Zahi Hawass, the ebullient, press-savvy secretary general of Egypt's Supreme Council of Antiquities, loves to spin a yarn. But he also cherishes the opportunity to recall how Egyptian archaeologists suffered for centuries from the disrespect and rapacity of their European and American colleagues. Now, in two new books from National Geographic--The Curse of the Pharaohs: My Adventures with Mummies ($19.95), for children, and Hidden Treasures of Ancient Egypt ($35), a coffee-table tie-in to a centenary exhibit at the Egyptian Museum in Cairo--he does both, sometimes capitalizing on the portents, mysteries, and mummies that make Egyptology so tempting to Hollywood, and other times emphasizing his Egyptian colleagues' contributions to an understanding of their own country's past. But sometimes he gets carried away with the yarn and strays from the archaeology.

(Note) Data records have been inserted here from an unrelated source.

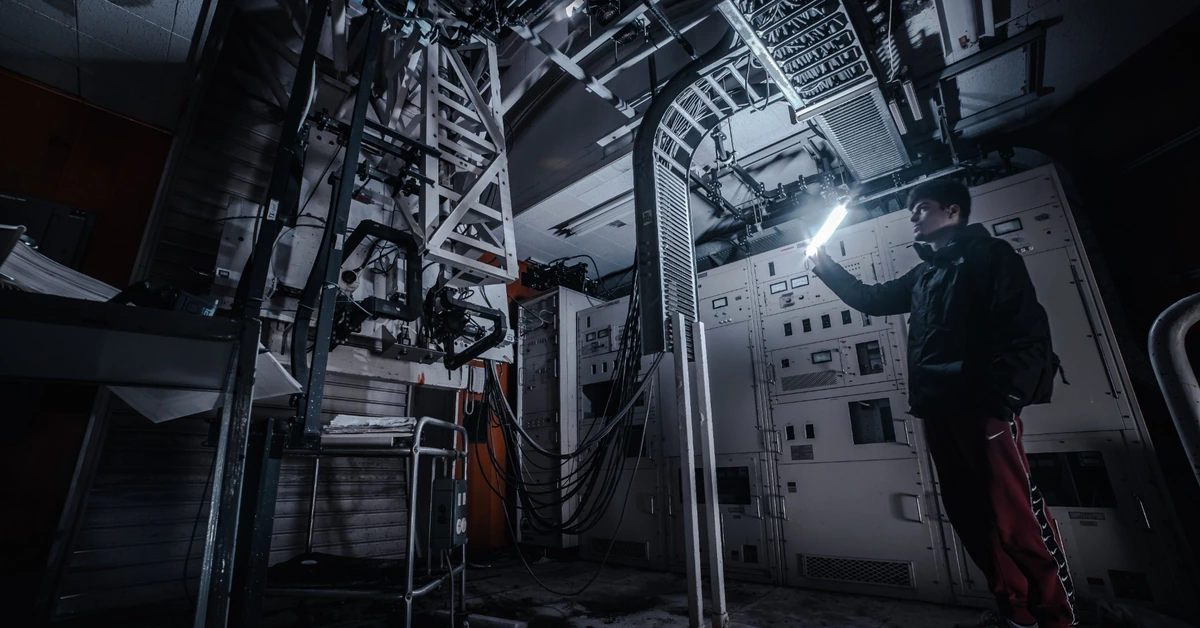 Technician inspecting complex industrial equipment, illustrating how a specialized tool works as one part of a larger system.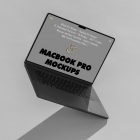 Front view, space gray MacBook Pro Mockup with gray design standing on the bright gray floor and hole background.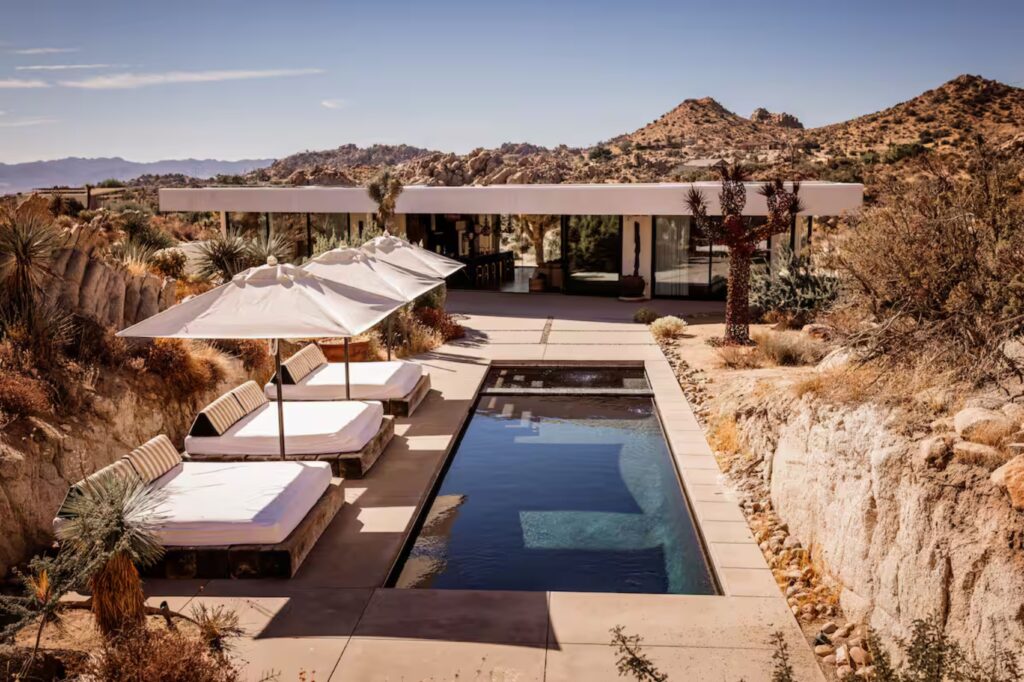 pool and lounge chairs surrounded by desert at joshua tree glass villa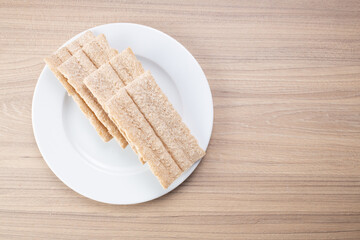 Buckwheat crisp bread texture on wooden background, Dietary cookies.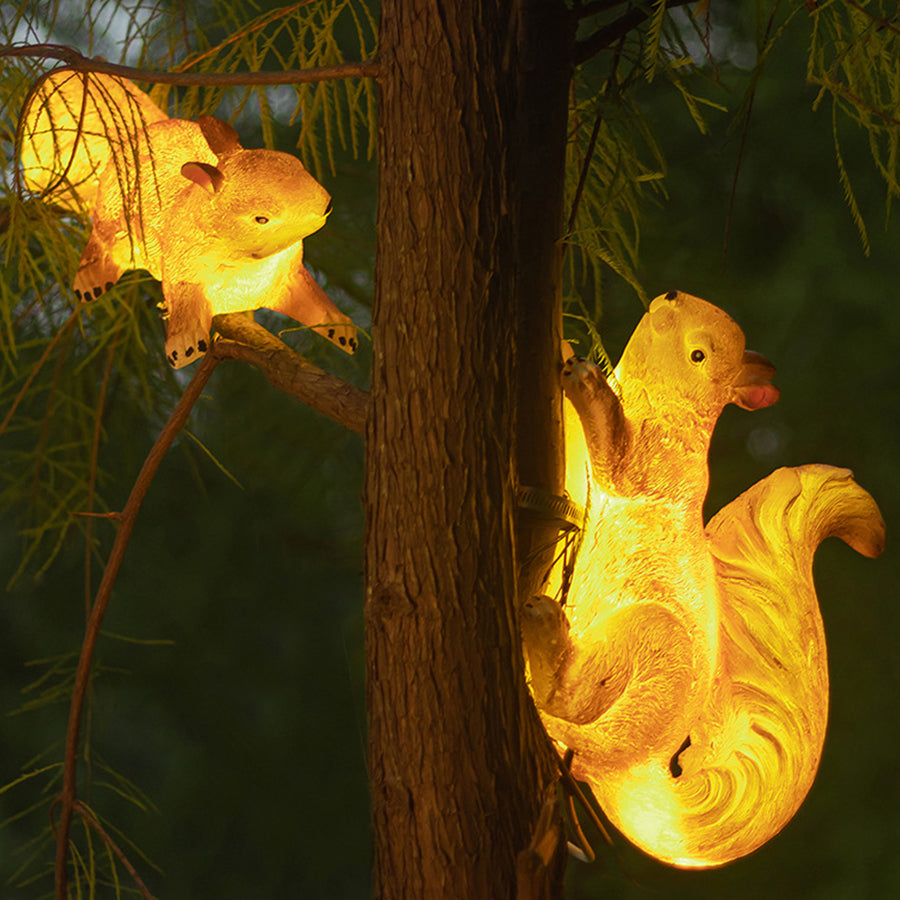 Pair of illuminated squirrel solar lights creating magical lighting effect in garden setting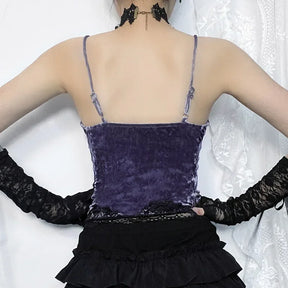 Back of the purple camisole, showing its straight upper edge and slim straps above a black ruffled skirt.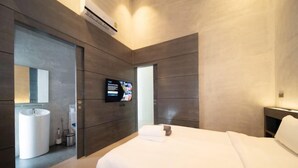 A modern hotel room with a large bed, a television, a bathroom with a sink and mirror, and wooden paneling.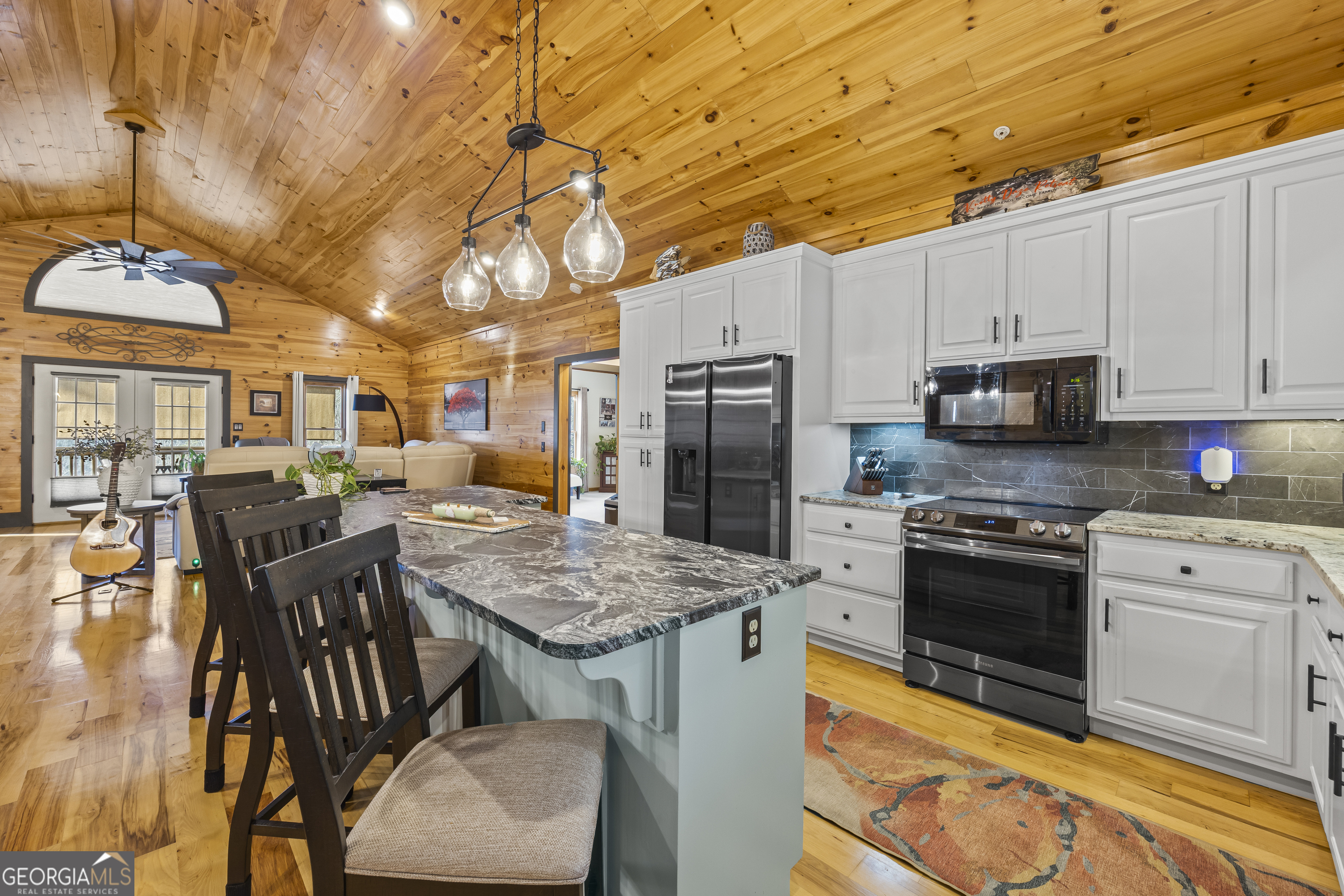 299 Celestial Circle Clayton, GA 30525 - Photo 17 of 89 a kitchen with stainless steel appliances granite countertop a stove refrigerator sink and cabinets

Curse of the Pharaohs purports to reassure young readers by debunking the idea of cursed tombs and vengeful mummies, but Hawass indulges in so many stories about mysterious accidents and illnesses, dead children appearing in nightmares, flashing lights, howling dogs, and cobras that swallow canaries or knock importunately on outhouse doors that when he finally gets around to the debunking part it feels halfhearted. The book would have benefited from a more systematic exploration of ancient Egyptian beliefs about death and rebirth, which could have helped explain how the Egyptians understood the connection between life and afterlife, and why they mummified their dead in the first place.

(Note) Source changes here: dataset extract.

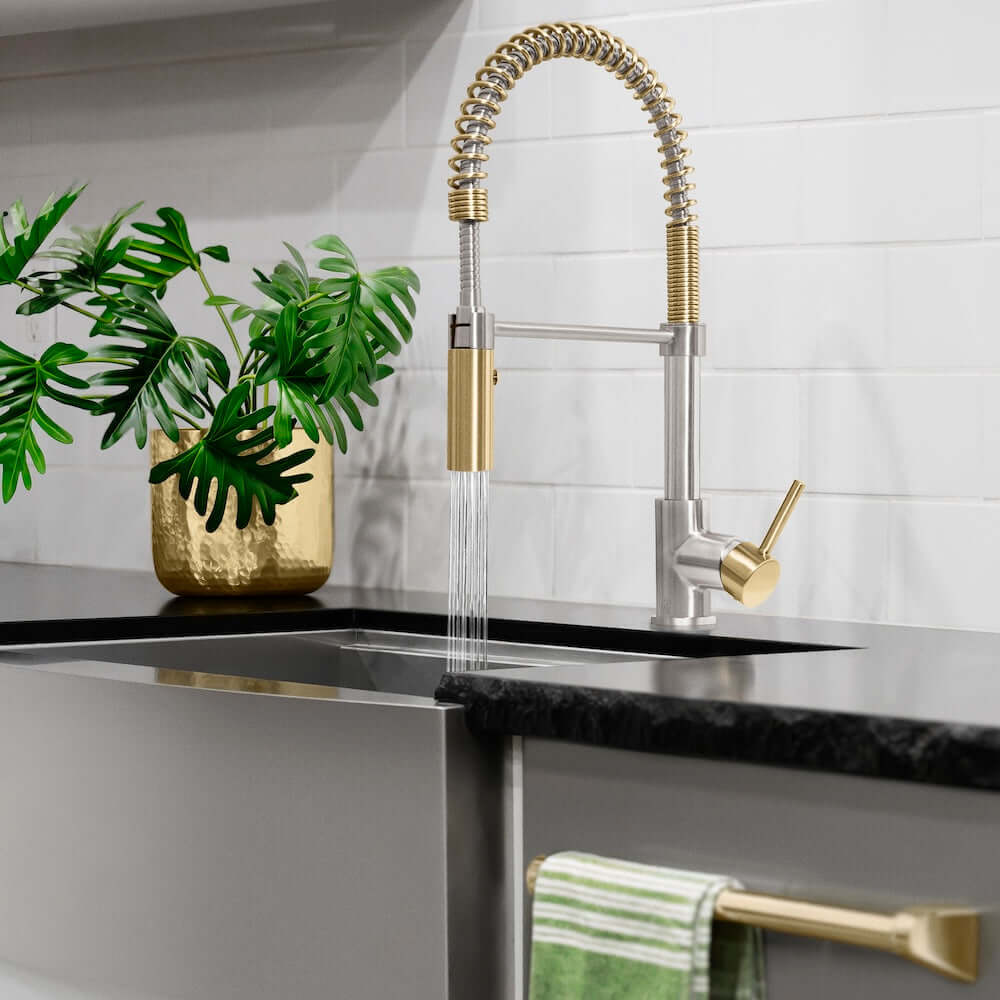 ZLINE Autograph Edition Sierra Pull Down Spring Single Handle Kitchen Faucet in Brushed Nickel and Champagne Bronze (SRA-KF-ZBNCB) lifestyle, water on.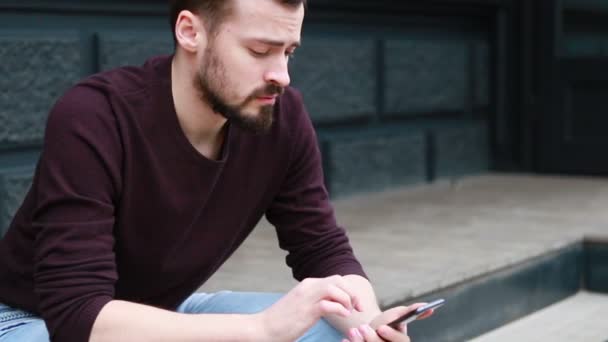 肖像人坐在使用手机侧视侧身微笑在街道市中心 快乐微笑有吸引力的男人走在街上 有兴趣在智能手机上打字 — 图库视频影像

Hidden Treasures reads like a collection of anecdotes loosely held together by Hawass's excitement. Here, though, the wealth of stories improves the book. Hidden Treasures is organized roughly chronologically, but the chronology in question is that of Egyptian archaeology rather than Egyptian history. Objects in the collections of the Egyptian Museum, from icons like Tutankhamun's gold mask to more modest treasures like a pair of cubit rods or a graceful stela, are presented more or less in the order in which they were uncovered over the past two centuries. Readers learn as much about Egypt's struggle to keep the treasures of its past as they do about the past itself. Kenneth Garrett's evocative photos present each object with elegant solemnity. For the most part the objects stand alone, underlining the loss of priceless information through careless excavation and theft, especially during the early days of Egyptology.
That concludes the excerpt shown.